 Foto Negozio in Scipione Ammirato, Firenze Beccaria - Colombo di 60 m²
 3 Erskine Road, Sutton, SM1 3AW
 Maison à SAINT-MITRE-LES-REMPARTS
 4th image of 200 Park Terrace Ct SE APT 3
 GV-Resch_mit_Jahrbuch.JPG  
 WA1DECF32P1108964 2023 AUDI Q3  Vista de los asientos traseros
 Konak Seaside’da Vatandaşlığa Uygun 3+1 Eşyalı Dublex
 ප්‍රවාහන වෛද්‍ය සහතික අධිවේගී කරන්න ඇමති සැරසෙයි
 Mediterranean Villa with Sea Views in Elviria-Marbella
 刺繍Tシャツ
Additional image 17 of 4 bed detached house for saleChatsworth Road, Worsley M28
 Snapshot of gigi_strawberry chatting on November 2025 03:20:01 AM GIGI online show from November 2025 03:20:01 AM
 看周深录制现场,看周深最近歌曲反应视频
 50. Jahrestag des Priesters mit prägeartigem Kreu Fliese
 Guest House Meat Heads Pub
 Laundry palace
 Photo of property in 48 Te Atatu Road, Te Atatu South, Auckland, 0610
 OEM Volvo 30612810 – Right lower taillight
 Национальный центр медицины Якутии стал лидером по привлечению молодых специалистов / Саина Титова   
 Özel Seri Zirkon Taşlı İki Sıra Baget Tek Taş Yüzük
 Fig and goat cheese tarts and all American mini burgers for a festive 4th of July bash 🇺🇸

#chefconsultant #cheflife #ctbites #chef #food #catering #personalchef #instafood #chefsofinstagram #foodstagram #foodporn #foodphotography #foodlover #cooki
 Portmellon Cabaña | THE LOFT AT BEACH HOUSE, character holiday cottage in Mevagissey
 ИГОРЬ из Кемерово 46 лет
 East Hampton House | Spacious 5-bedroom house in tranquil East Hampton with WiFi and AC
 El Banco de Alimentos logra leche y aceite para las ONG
---
Assignment:
Only exact copies of the lines from the one containing "Национальный центр медицины" to the end of the records belong in the answer.

Result for this exercise:
 Национальный центр медицины Якутии стал лидером по привлечению молодых специалистов / Саина Титова   
 Özel Seri Zirkon Taşlı İki Sıra Baget Tek Taş Yüzük
 Fig and goat cheese tarts and all American mini burgers for a festive 4th of July bash 🇺🇸

#chefconsultant #cheflife #ctbites #chef #food #catering #personalchef #instafood #chefsofinstagram #foodstagram #foodporn #foodphotography #foodlover #cooki
 Portmellon Cabaña | THE LOFT AT BEACH HOUSE, character holiday cottage in Mevagissey
 ИГОРЬ из Кемерово 46 лет
 East Hampton House | Spacious 5-bedroom house in tranquil East Hampton with WiFi and AC
 El Banco de Alimentos logra leche y aceite para las ONG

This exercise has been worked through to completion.